On 17-18 October 1999, 5 districts of the State of Orissa in India were hit by a cyclone, and on 29 October another, exceptionally strong cyclone ("supercyclone") devastated a large portion of the State. This second cyclone caused severe damage in 14 of the 30 districts of Orissa (5 being hit for the second time (See map 1). It is estimated that up to 15 million people (more than 2 million households) are seriously affected by the cyclone one way or another. The official number of deaths is reported to be nearly 10,000 and many more are feared to have died.

Millions of people are left homeless. The affected villages consist mostly of simple huts, which were severely damaged or totally destroyed. Usually people keep at home stocks of food and seeds. These have been destroyed along with people’s essential household items. Water, power supply and telecommunications were completely disrupted in all affected areas. 90-100 % loss of crop is reported in the affected districts. Due to large-scale inundation, there is a widespread contamination of drinking water sources. Sanitation conditions are seriously inadequate particularly in the urban slum areas but also in the rural areas.

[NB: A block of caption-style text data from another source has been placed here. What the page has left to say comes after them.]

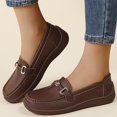 thumbnail image 5 of Willtoo Womens Wide Toe Loafers Slip On Casual Platform Walking Shoes Metal Buckle Lightweight Comfort Daily Work Loafers, 5 of 6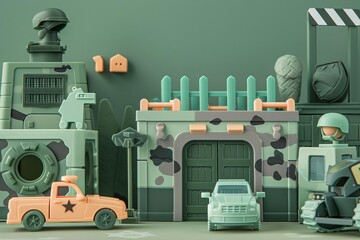 pastel toy military checkpoint playset encouraging imaginative roleplay and creativity product photo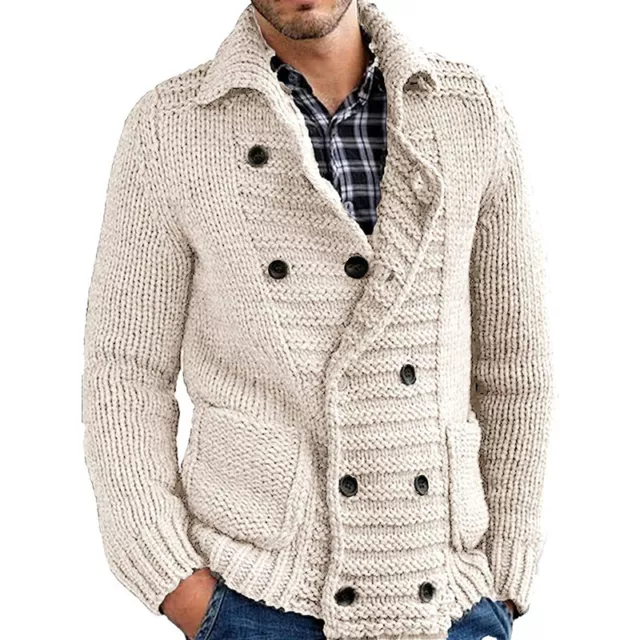 Mens Thick Double breasted Cardigan Knitted Sweater Jumper Jacket Tops Warm Coat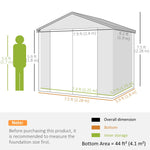 Outsunny Outsunny 8 x 6ft Garden Shed Storage w/ Foundation Kit, Vents, Cream White - Garden Shed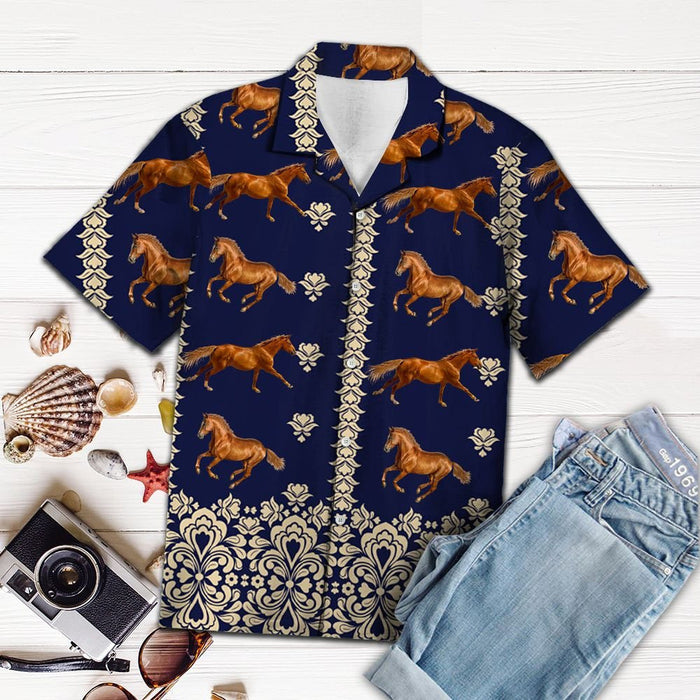 Brown Horse Running In Deep Blue Design Hawaiian Shirt, Hawaiian Shirt Gift, Christmas Gift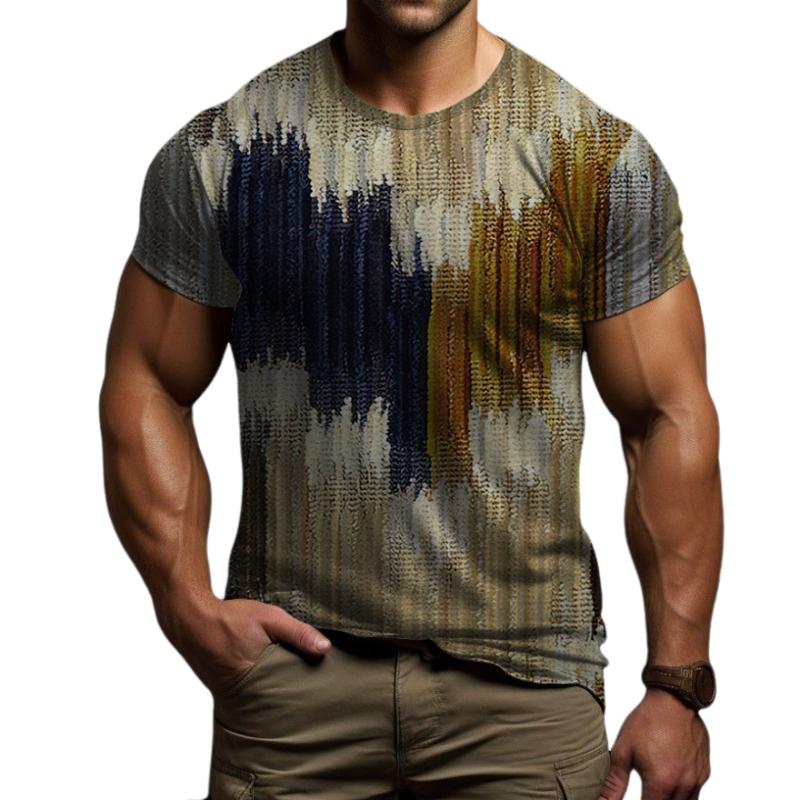 Men's Retro Crew Neck Printed Short Sleeve T-Shirt 68511749TO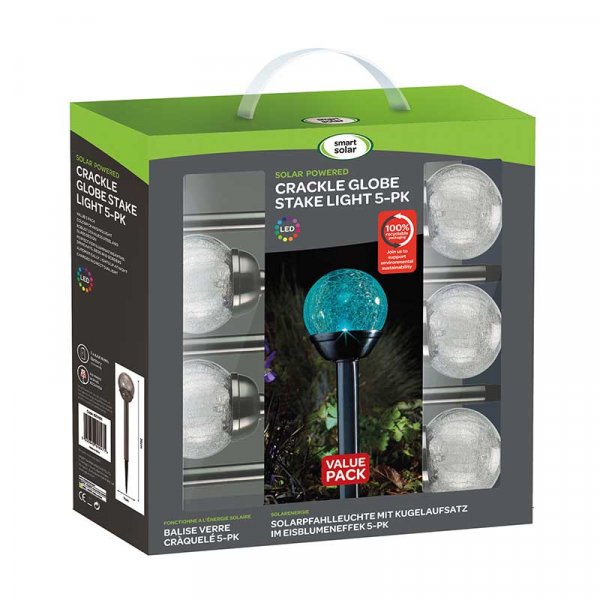 Crackle Globe Stainless Steel Solar Garden Light 5 Pack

A large proportion of the population will depend on food-aid for the months to come, and the food security of many households is severely endangered on a long-term basis. Assets such as boats and tree plantations, which will take many years to restore, have been lost. Signs of migration out of the affected districts have already been reported. The household food security and people’s nutritional status need be closely monitored to ensure that further deterioration of nutritional status does not make the population, especially children, even more vulnerable to infectious diseases. The consensus within the international and bilateral community is that food assistance for a month would be required for approximately 2.25 million people.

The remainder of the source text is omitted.